[Supplied material]
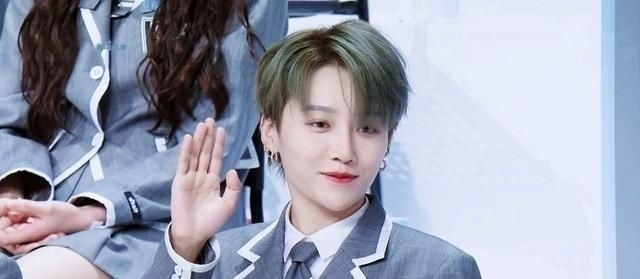  刘雨昕|青你2最仙门面出炉了刘雨昕独占两个头衔，喻言和谢可寅也不赖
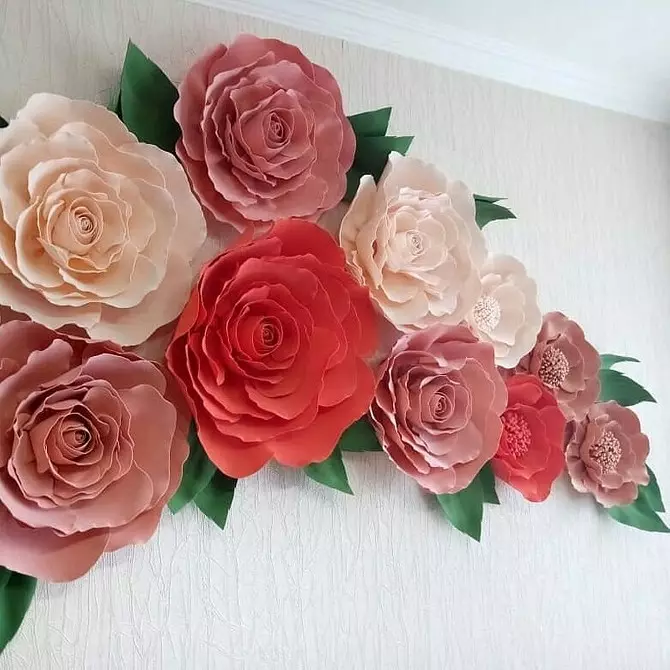 4 modi semplici per creare fiori di carta sul muro 8585_35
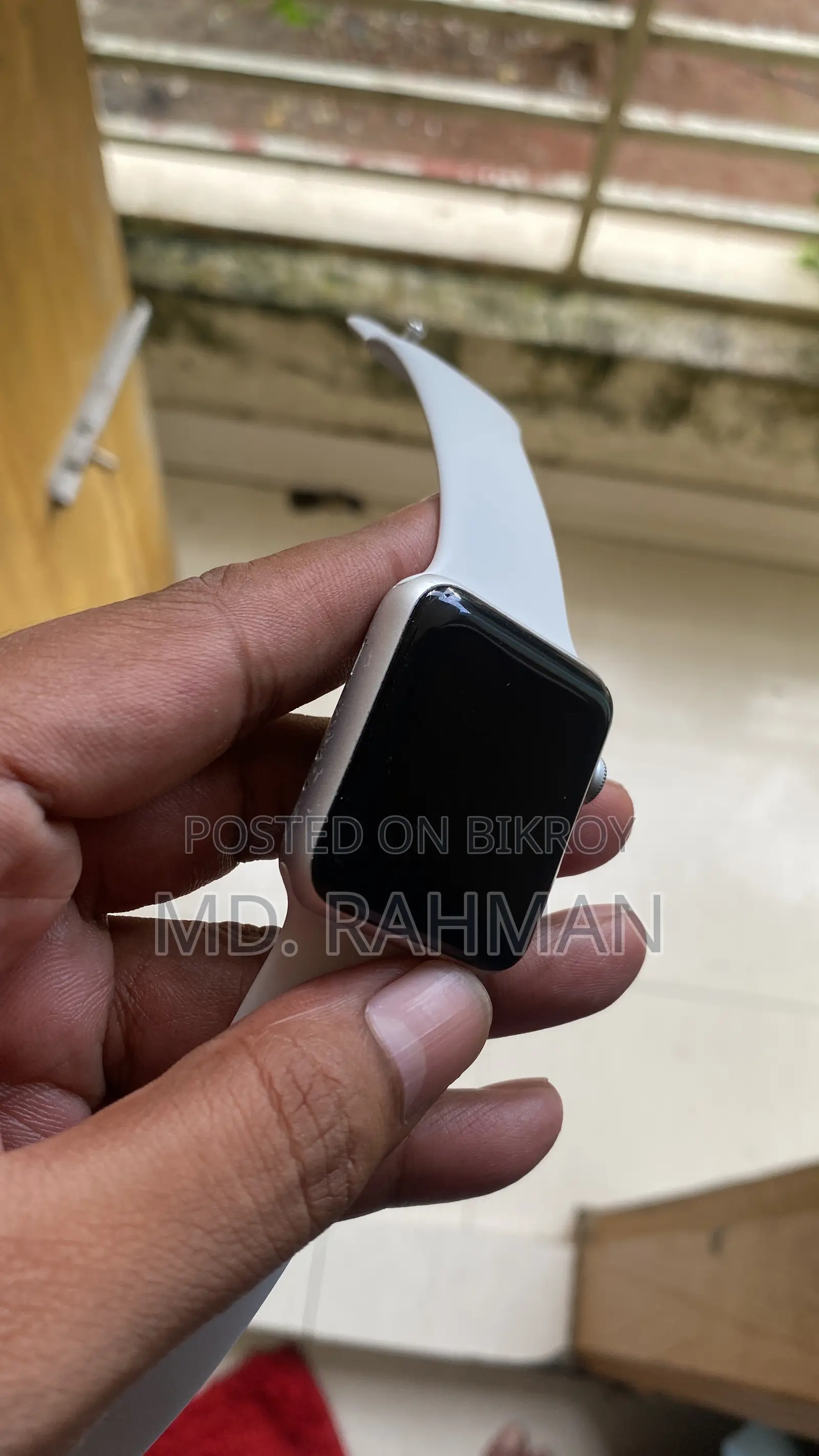 Apple Watch Series 3 (42mm Silver) Aluminum With White Sport Band GPS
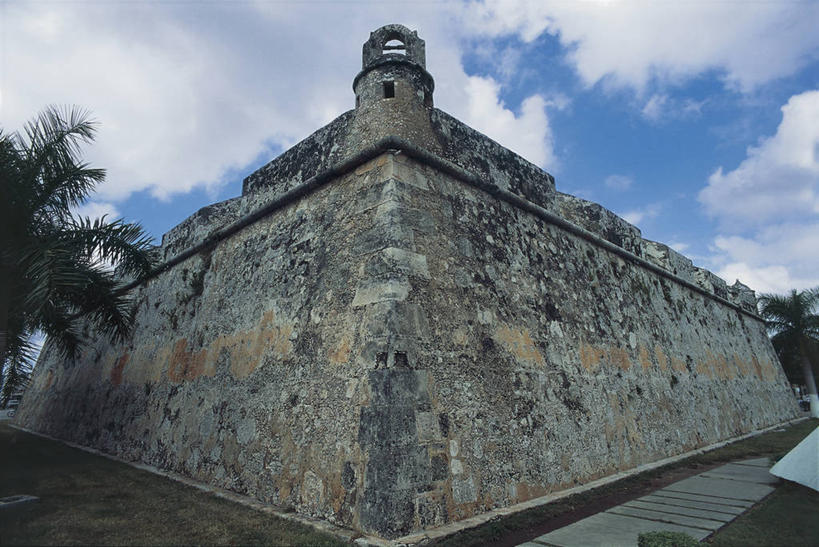 无人,横图,室外,仰视,建筑,棕榈树,墨西哥,城堡,云,历史,树,天空,摄影,北美,拉丁美洲,要塞,彩图,低角度拍摄,过去,坎佩切湾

[Try it] Set out nothing but the lines from the line with "Apple Watch Series" through the end of the material, reproduced exactly, both ends included, pictures omitted.

[Solution to the exercise]
 Apple Watch Series 3 (42mm Silver) Aluminum With White Sport Band GPS
 无人,横图,室外,仰视,建筑,棕榈树,墨西哥,城堡,云,历史,树,天空,摄影,北美,拉丁美洲,要塞,彩图,低角度拍摄,过去,坎佩切湾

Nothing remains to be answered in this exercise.